A real query from the last engagement:
beorn query \
--filter "os=linux,phase=privesc" \
--context "kernel 5.4.0, sudo 1.8.31, capabilities cap_dac_read_search+ep" \
"binary with capabilities exploitation"Response:
{
"latency_ms": 41,
"results": [
{
"chunk_id": "htb-academy-linux-privesc-cap-dac",
"score": 0.94,
"ttp": "T1548.001",
"summary": "cap_dac_read_search permite leer cualquier fichero...",
"command": "getcap -r / 2>/dev/null | grep dac_read",
"next_steps": ["read /etc/shadow", "extract hashes",
"john --wordlist"]
}
]
}The agent receives this, not a paragraph of prose. The difference between handing Gandalf "here's some text, figure out what to do" and "here's the MITRE TTP, the initial command, and the next three steps" is the difference between an agent that improvises and one that executes.
Real metrics
We've been running Beorn in internal production for four months. The numbers we monitor:
- Latency p50: 41 ms. P99: 78 ms. No cache.
- Precision@5 on an annotated set of 312 real queries: 0.87.
- Recall@20: 0.93.
- Corpus coverage: 9115 chunks, 28 collections.
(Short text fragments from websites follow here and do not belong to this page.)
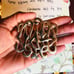 Vintage Gold Tone Belt Buckle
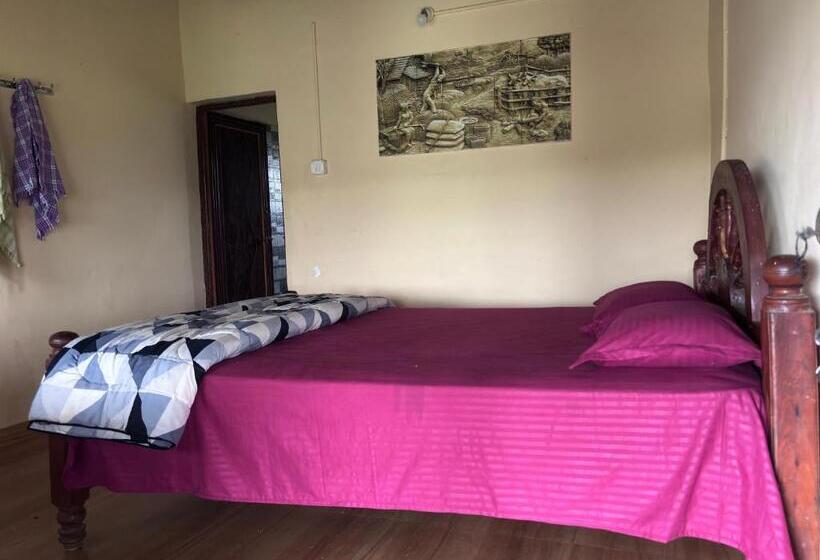 Deluxe Rum, Ivory Daze Jungle Adventure Homestay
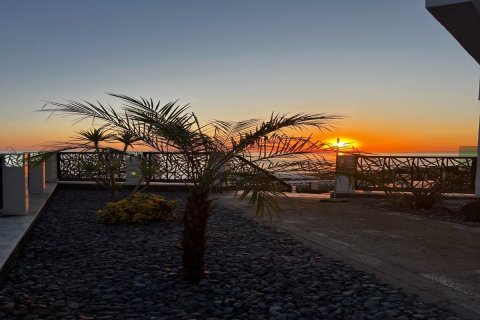 Продажа квартиры  в Аланье, Анталье, Турция 5 комн., 310м2, №228818 – фото 22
- Languages: EN 64%, ES 22%, FR 8%, RU 4%, other 2%.
A concrete case worth more than the table: in a recent Active Directory assessment, the agent identified an ESC8 attack path (ADCS HTTP enrollment) in 6 minutes from the initial foothold. Without Beorn, in comparable previous exercises, the equivalent phase took us between 40 and 90 minutes of manually hunting for exploitation details. It's not magic. It's not wasting time remembering where the detail was.
What we wouldn't do again
First: we started by stuffing everything into a single huge collection with metadata as a filter. Bad idea. Once you reach several thousand vectors, post-retrieval filters get expensive and recall degrades because embeddings from different domains compete in the same space. The current 28 collections are split by source type and OS. The gateway orchestrates them.
Second: we underestimated deduplication. Three different writeups explain the same technique in nearly identical words. Without semantic dedup, the top-5 hands you back five versions of the same paragraph. We added an MMR (Maximal Marginal Relevance) step and the subjective usefulness of the top-k went up noticeably, even though it's hard to measure with classical metrics.
Third, and this one hurt: the first release had no continuous evaluation. We were uploading new embeddings, swapping the reranker, and going by gut. Until a model change knocked our precision@5 down eight points and nobody noticed for a week. Now we have a golden set of 300+ queries with validated answers, and any change is evaluated before being promoted. The lesson is also documented in Gao et al.'s (2024)[4] survey: without an evaluation loop, a RAG system ages badly.
RAG isn't magic, and it's not a search engine. It's the operational memory your agent should have had all along. Treating it as such changes the design from the chunk all the way to the output contract.
If your team is building something similar, the most useful advice I can give is: start with the contract. Not the model. What does the consumer — human or agent — need to receive to act? That determines the chunking, the metadata, and the response format. Everything else is engineering.
References
- Shen, X., et al. (2024). PentestAgent: Incorporating LLM Agents to Automated Penetration Testing. arXiv:2411.05185.
- Wang, Y., et al. (2024). Finding the Best Chunking Strategy for Accurate AI Responses. NVIDIA Technical Blog.
- Chen, J., et al. (2024). BGE M3-Embedding: Multi-Lingual, Multi-Functionality, Multi-Granularity Text Embeddings. BAAI / Hugging Face.
- Gao, A., et al. (2024). Retrieval Augmented Generation for Robust Cyber Defense. PNNL-36792.